What is needed — Once you find the line with "Market position of", transcribe it and all the lines that follow to the end of the data, exactly as written; skip any pictures.

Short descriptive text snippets
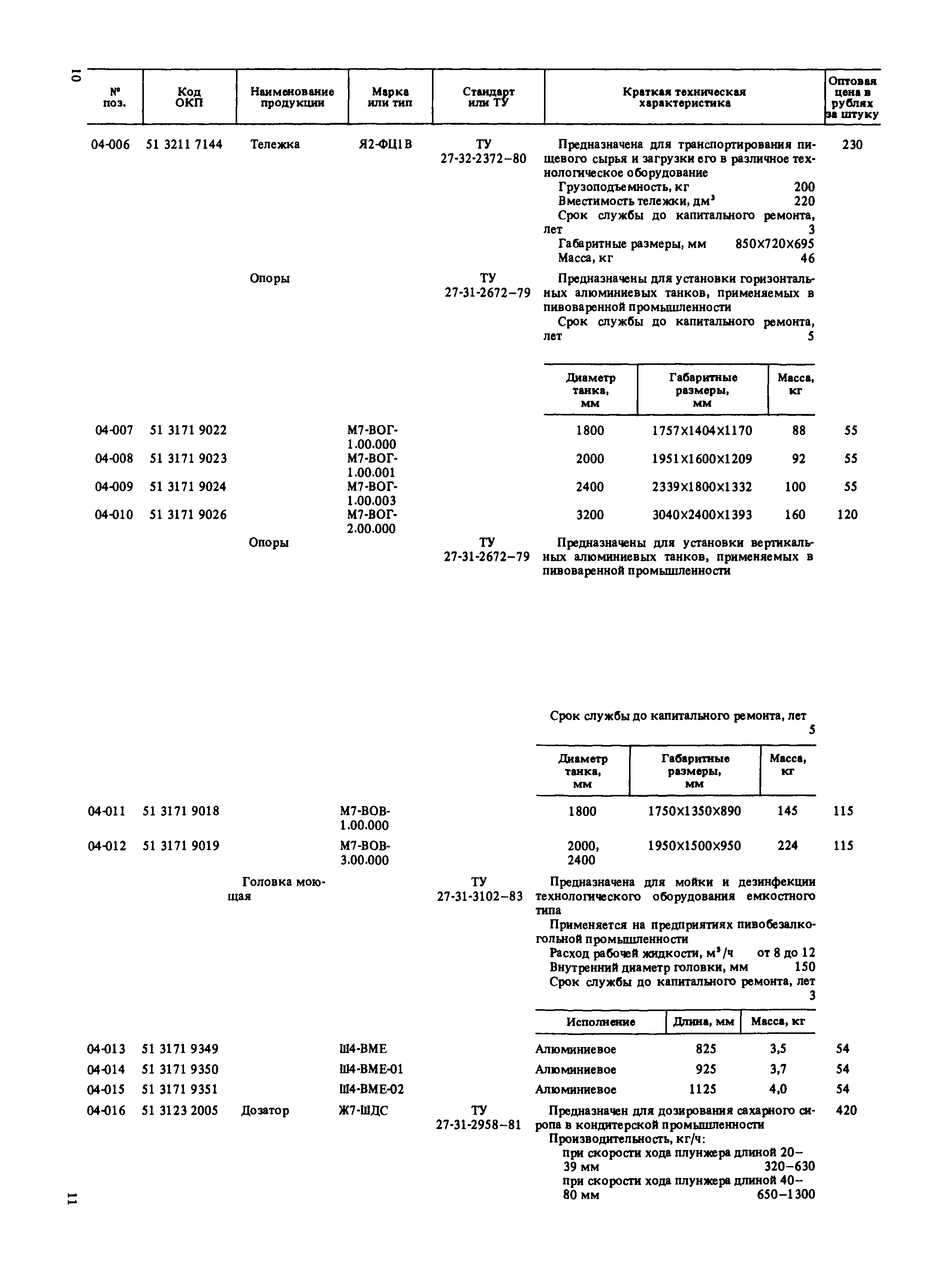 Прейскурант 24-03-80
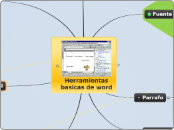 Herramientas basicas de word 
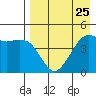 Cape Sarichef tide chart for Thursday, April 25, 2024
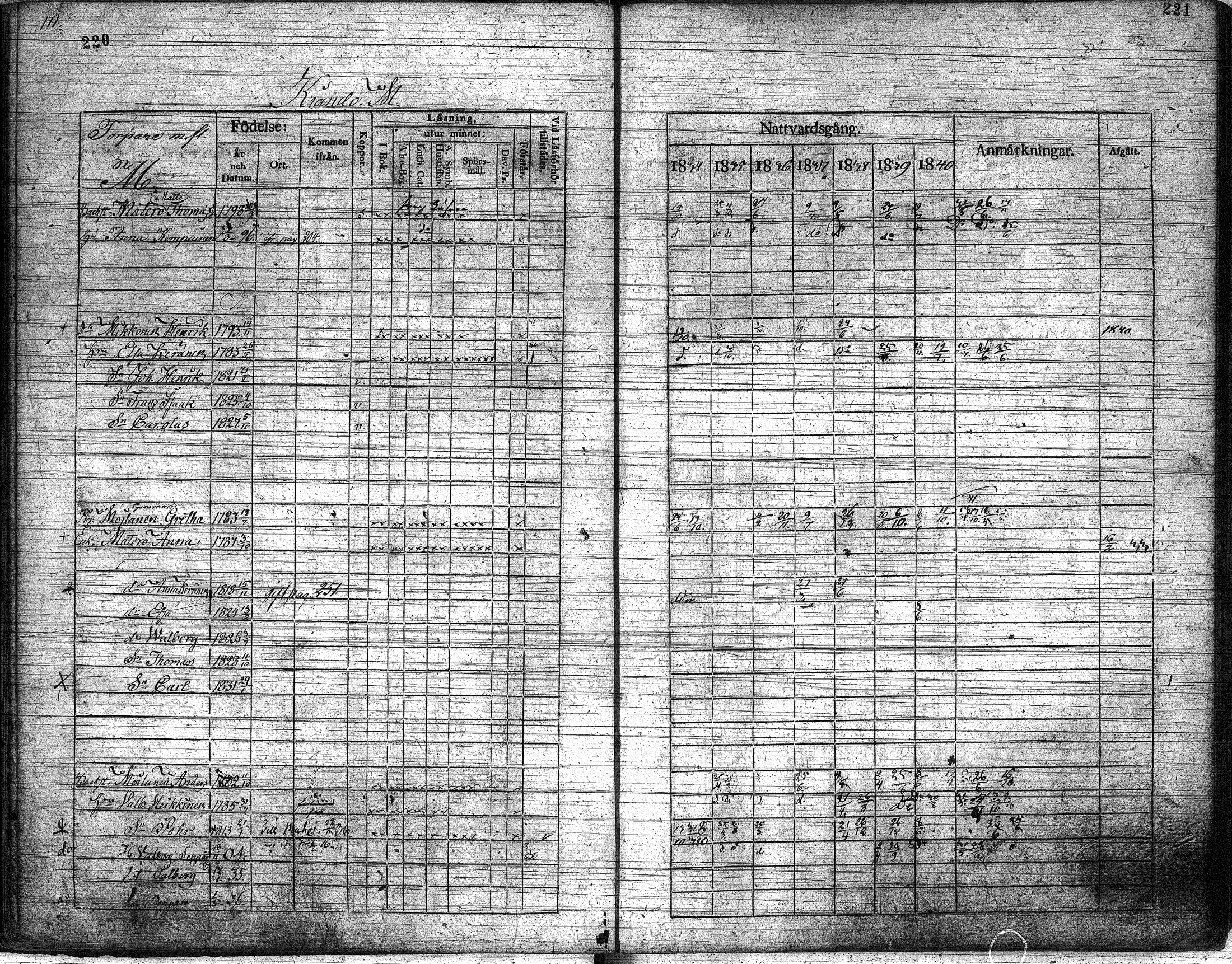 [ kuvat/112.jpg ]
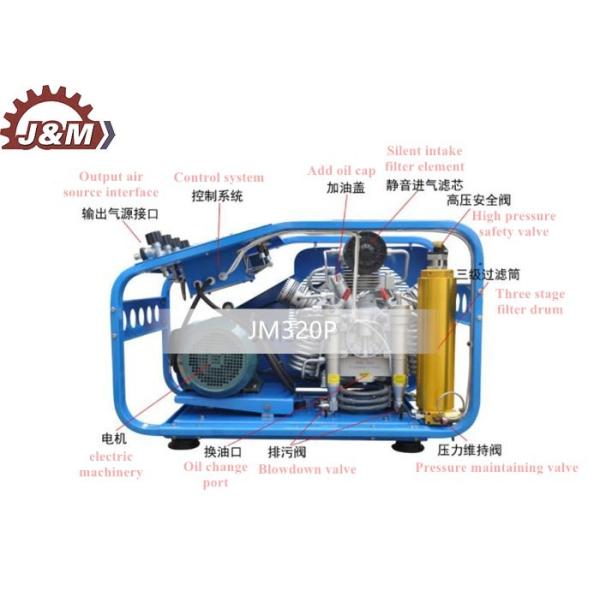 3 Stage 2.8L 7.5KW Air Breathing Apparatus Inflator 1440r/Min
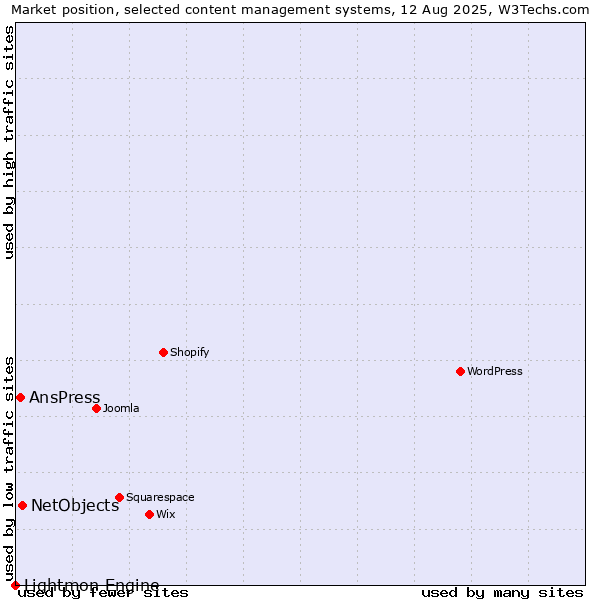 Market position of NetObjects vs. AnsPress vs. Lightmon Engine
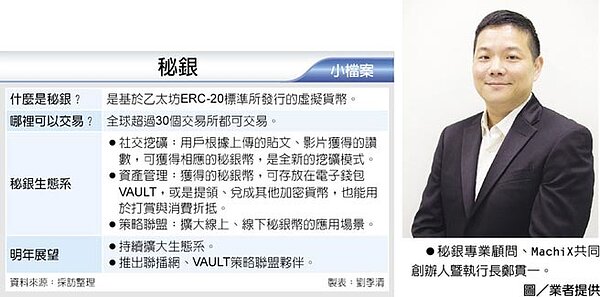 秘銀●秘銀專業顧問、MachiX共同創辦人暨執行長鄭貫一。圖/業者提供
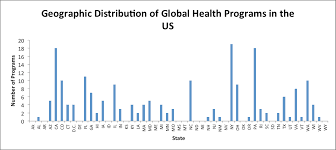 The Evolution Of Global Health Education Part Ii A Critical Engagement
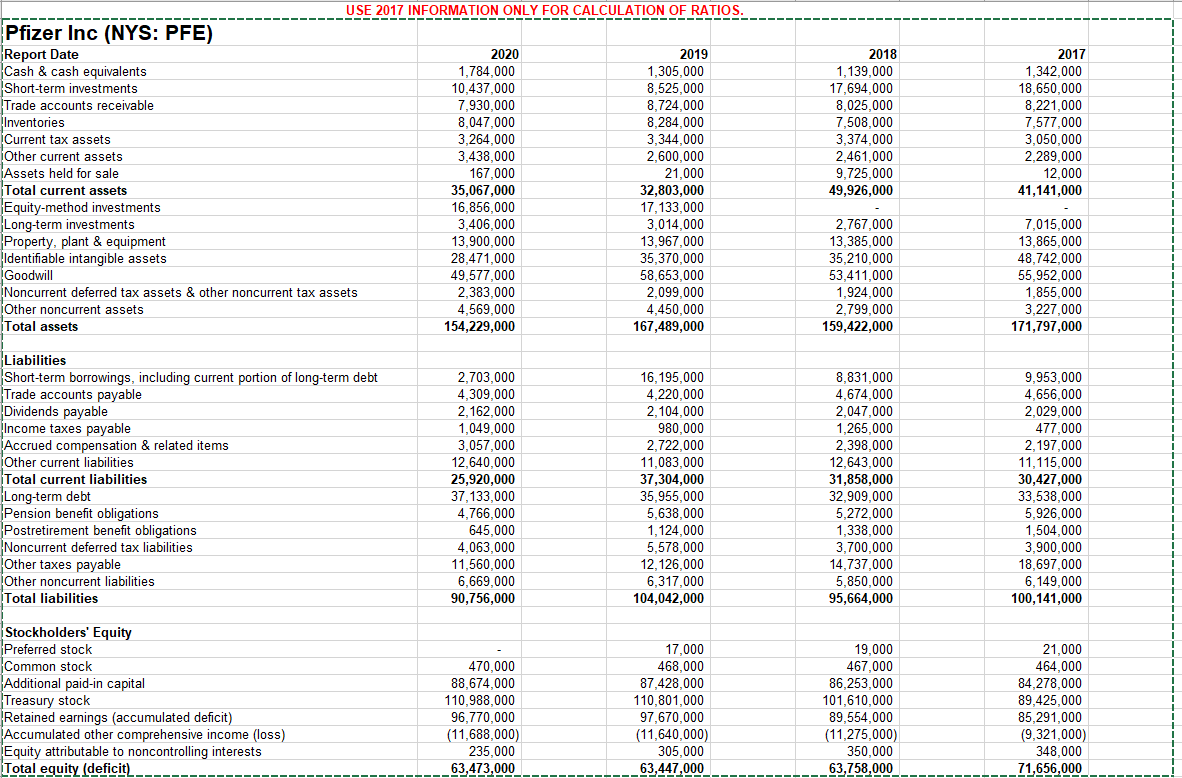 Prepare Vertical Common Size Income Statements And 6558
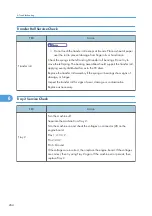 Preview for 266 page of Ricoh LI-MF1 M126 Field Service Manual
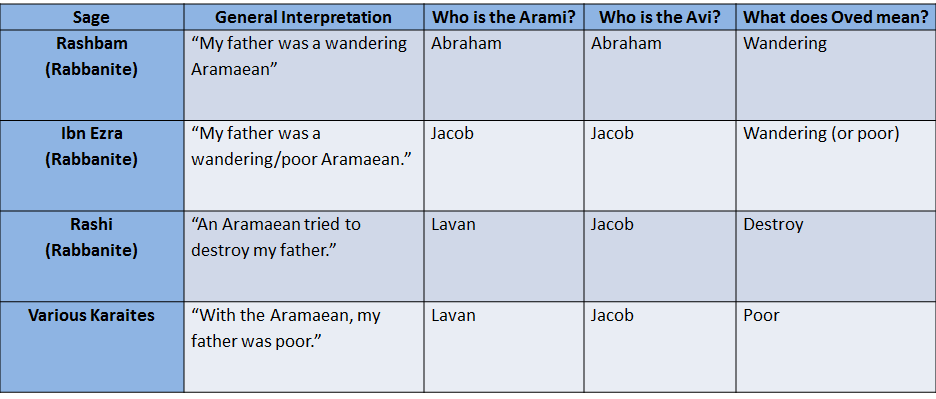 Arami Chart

Task response —
 Market position of NetObjects vs. AnsPress vs. Lightmon Engine
 秘銀●秘銀專業顧問、MachiX共同創辦人暨執行長鄭貫一。圖/業者提供
 The Evolution Of Global Health Education Part Ii A Critical Engagement
 Prepare Vertical Common Size Income Statements And 6558
 Preview for 266 page of Ricoh LI-MF1 M126 Field Service Manual
 Arami Chart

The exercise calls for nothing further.